万能細胞と呼ばれる細胞は、まずES細胞(Embryonic Stem Cell)=「胚性幹細胞」があります。
ES細胞は受精卵が分裂し、内部細胞塊からできた個体が未分化な状態で取り出し培養した細胞のことです。
人間1個体を作るほどまでには育成できませんが、あらゆる細胞に変化する能力があり、試験管の中で無限に増やすことができます。
この幹細胞には種類があり、1)造血幹細胞…骨髄に存在し白血球、血小板、リンパ球に分化する細胞、2)間葉系幹細胞…造血幹細胞と同様に骨髄に存在し、骨や軟骨、脂肪などを形成する細胞で、神経や心筋等を形成する細胞に分化する可能性も有る、3)神経幹細胞…神経系の3種類の細胞へ分化したり、血球、血管、骨格筋にも分化する細胞等があります。
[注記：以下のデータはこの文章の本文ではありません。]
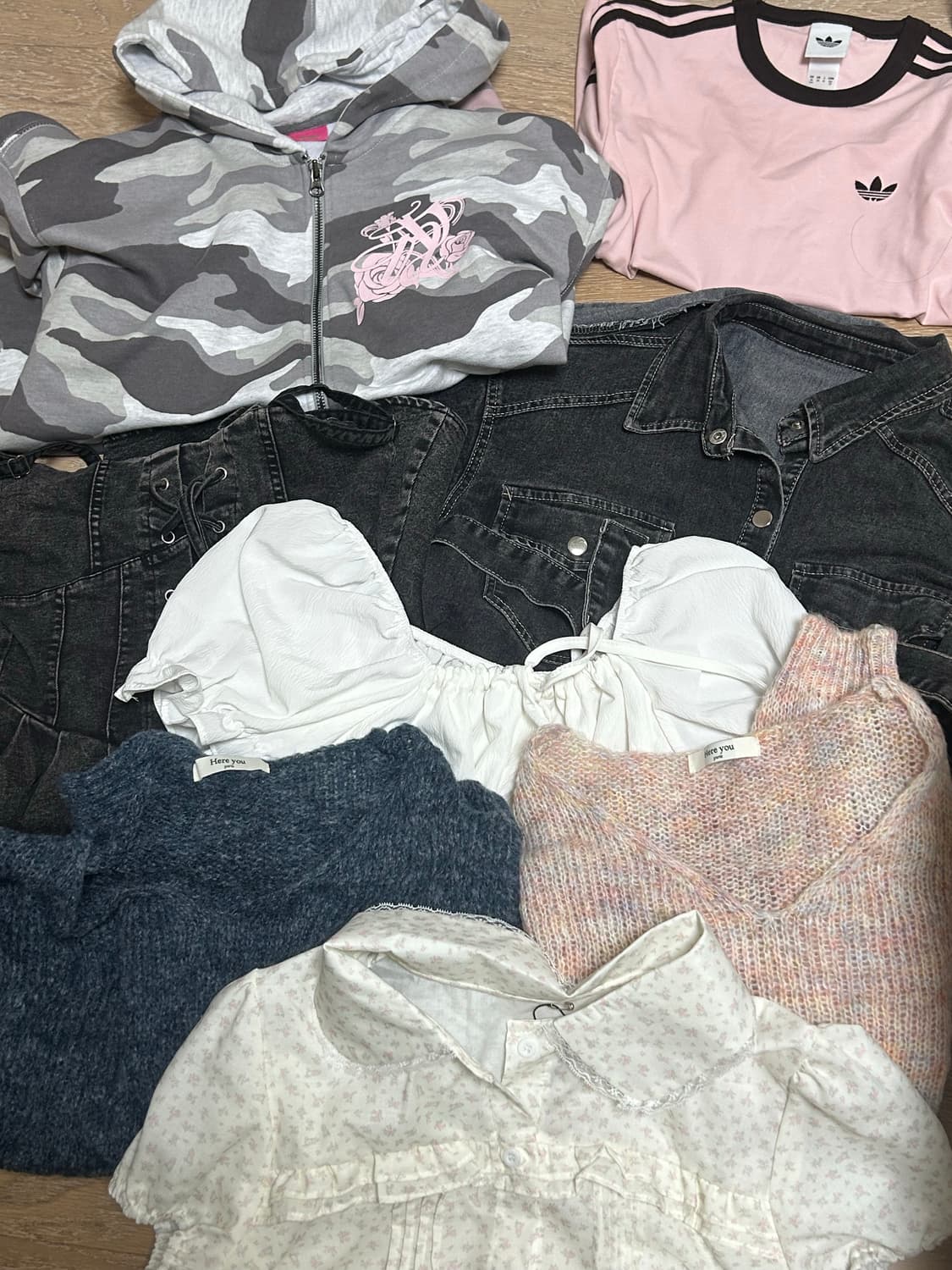 아디다스 딸기우유 반팔티 카모 후드집업 니트 잔꽃 블라우스 상품이미지1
そして、人の皮膚細胞から作られた、これも万能細胞と呼ばれる「ips細胞」=「人工多能性幹細胞」(induced Pluripotent Stem sell)も、ES細胞と同様に各種の細胞に変化する能力を持っています。ips細胞は患者自身の身体の細胞から作る事ができるので、もし臓器などを作って移植手術を行った場合に、拒否反応が起こる危険を回避できるので、今後の再生医療への活用に大きな期待が寄せられています。